Avram Davidson
La
persona de cara gris venía por la calle donde vivían el viejo señor Gumbeiner y
su mujer. Era una tarde de otoño, y el sol tibio les calentaba agradablemente
los viejos huesos. Cualquier aficionado al cine de la década del veinte o de
los primeros años de la década del treinta ha visto esta calle alguna vez. A lo
largo de estos búngalos de techos de dos aguas Edmund Lowe caminaba del brazo
con Leatrice Joy y Harold Lloyd era perseguido por unos chinos que esgrimían
hachas. Bajo estas palmeras escamosas Laurel le daba una patada a Hardy y
Woolsey le golpeaba la cabeza a Wheeler con un bacalao. En estos cuadrados de
pasto de las banquetas, del tamaño de un pañuelo, las pandillas de las
películas cómicas se perseguían unas a otras y eran perseguidas por enojados
hombres gordos en pantalones de golf. En la misma calle… o acaso en otras
quinientas exactamente iguales a esta…
La señora Gumbeiner le señaló la persona
de cara gris a su marido.
–¿Te parece que le pasa algo? –preguntó–.
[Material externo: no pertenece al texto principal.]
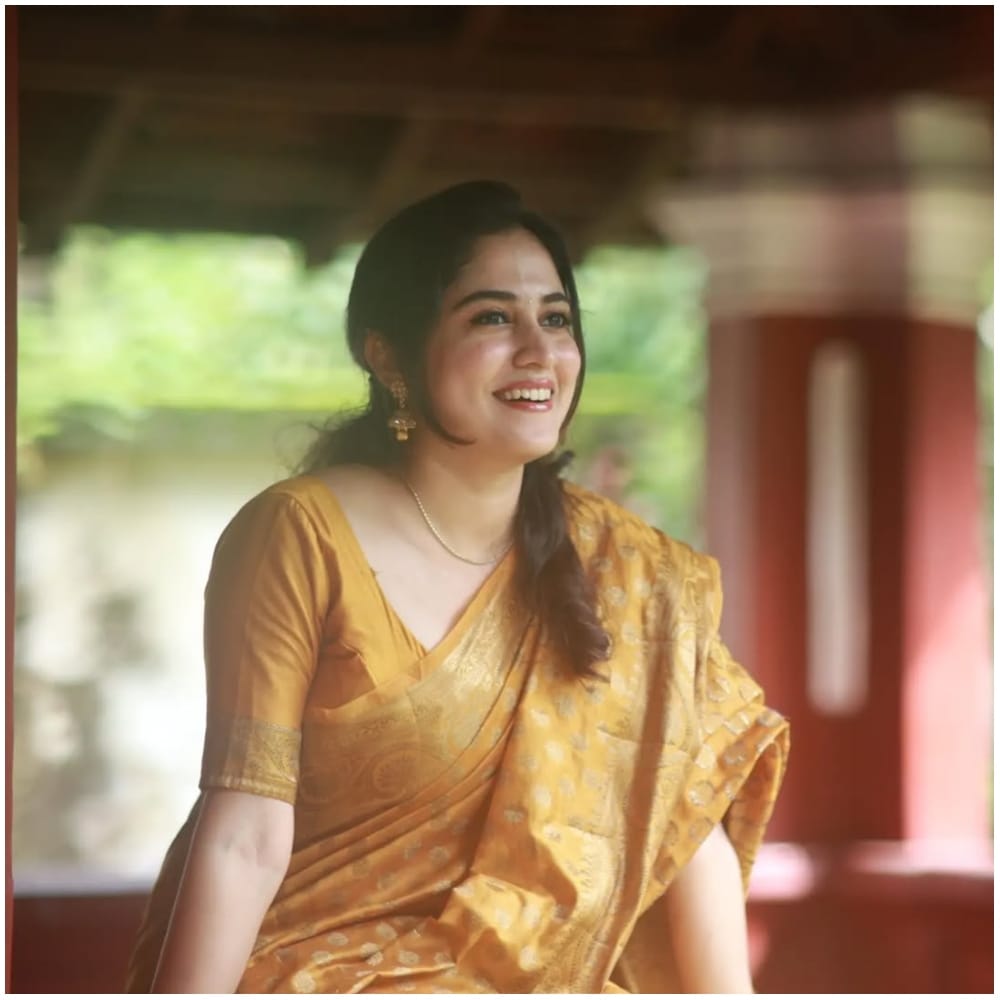 ಅವರು ಈ ಚಿತ್ರಕ್ಕೆ ನಾಯಕಿ ಆಗಿ ಆಯ್ಕೆ ಆಗಿದ್ದು ಹೇಗೆ? ಅದಕ್ಕೂ ಉತ್ತರ ನೀಡಿದ್ದರು ರಚನಾ ರೈ. ದರ್ಶನ್ ಅವರ ಕಾರಣಕ್ಕೆ ಅವಕಾಶ ಸಿಕ್ಕಿದೆ ಎಂಬುದು ರಚನಾ ಮಾತು. ‘ಹೊರಗಿನವರು ಬೇಡ ನಮ್ಮವರನ್ನೇ ಆಯ್ಕೆ ಮಾಡಿಕೊಳ್ಳೋಣ ಎಂದಿದ್ದಕ್ಕೆ ನನಗೆ ಅವಕಾಶ ಸಿಕ್ಕಿತು’ ಎಂದಿದ್ದಾರೆ ರಚನಾ.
Camina de una manera rara.
–Camina como un golem –dijo el señor
Gumbeiner con indiferencia.
–Oh, no sé –dijo la mujer, irritada–. A mí
me parece que camina como tu primo.
El viejo, malhumorado, torció la boca y mordisqueó
la boquilla de la pipa. La persona de cara gris vino por la acera de cemento,
subió los escalones del porche y se sentó en una silla. El viejo señor
Gumbeiner lo ignoró. La señora Gumbeiner miró fijamente al extraño.
–El hombre llega, no saluda, y se sienta
instalándose como si estuviera en su casa… ¿La silla es cómoda? –preguntó la
mujer–. ¿No quiere una taza de té?
Se volvió hacia su marido.
–¡Di algo, Gumbeiner! ¿Eres de madera?
El hombre sonrió con una sonrisa lenta,
maliciosa, triunfante.
–¿Por qué tengo que decir algo? –le
preguntó al aire–. ¿Quién soy yo? Nada, exactamente.
El extraño habló. Tenía una voz dura,
ronca y monótona.
–Cuando sepan ustedes quién soy, o mejor
dicho, qué soy, el miedo les helará los huesos.
Mostró unos dientes de porcelana.
–Cuidado –dijo la mujer–, no se meta con
mis huesos. No sea atrevido.
–Temblarán de miedo –dijo el extraño.
La señora Gumbeiner le dijo que le
gustaría que él viviera tanto como para verlo y se volvió hacia su marido.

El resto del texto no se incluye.